## Task directions:
With the images removed, write out every line below exactly.

## Data to process:
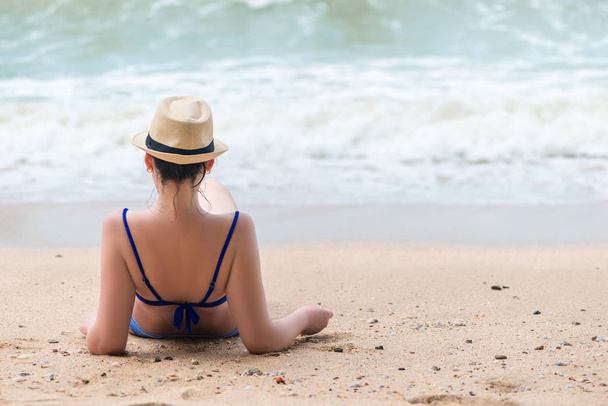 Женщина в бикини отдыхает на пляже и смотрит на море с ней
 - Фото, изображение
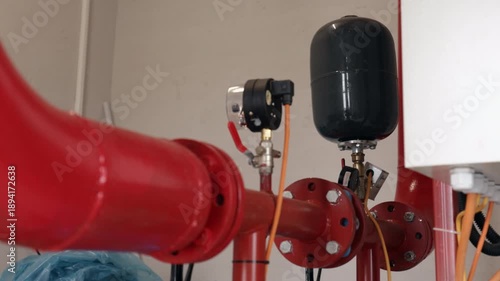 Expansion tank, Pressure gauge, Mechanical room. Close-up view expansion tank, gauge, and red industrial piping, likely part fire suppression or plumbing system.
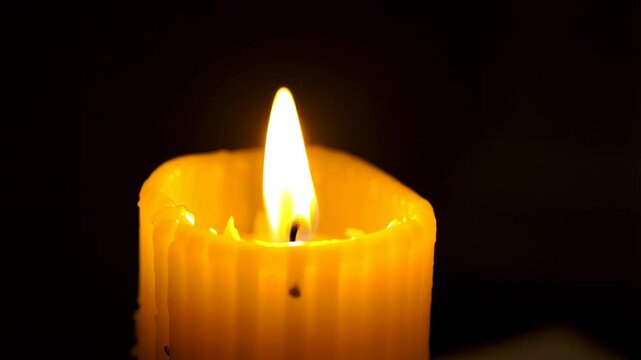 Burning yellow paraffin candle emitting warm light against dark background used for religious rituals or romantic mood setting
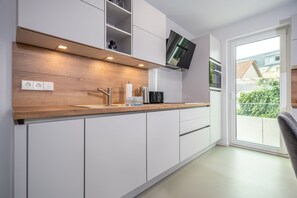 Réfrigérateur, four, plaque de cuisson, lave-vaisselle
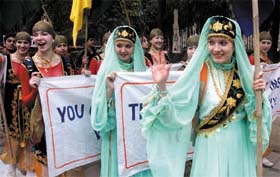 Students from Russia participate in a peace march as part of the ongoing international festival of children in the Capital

## Your solution:
 Женщина в бикини отдыхает на пляже и смотрит на море с ней
 - Фото, изображение
 Expansion tank, Pressure gauge, Mechanical room. Close-up view expansion tank, gauge, and red industrial piping, likely part fire suppression or plumbing system.
 Burning yellow paraffin candle emitting warm light against dark background used for religious rituals or romantic mood setting
 Réfrigérateur, four, plaque de cuisson, lave-vaisselle
 Students from Russia participate in a peace march as part of the ongoing international festival of children in the Capital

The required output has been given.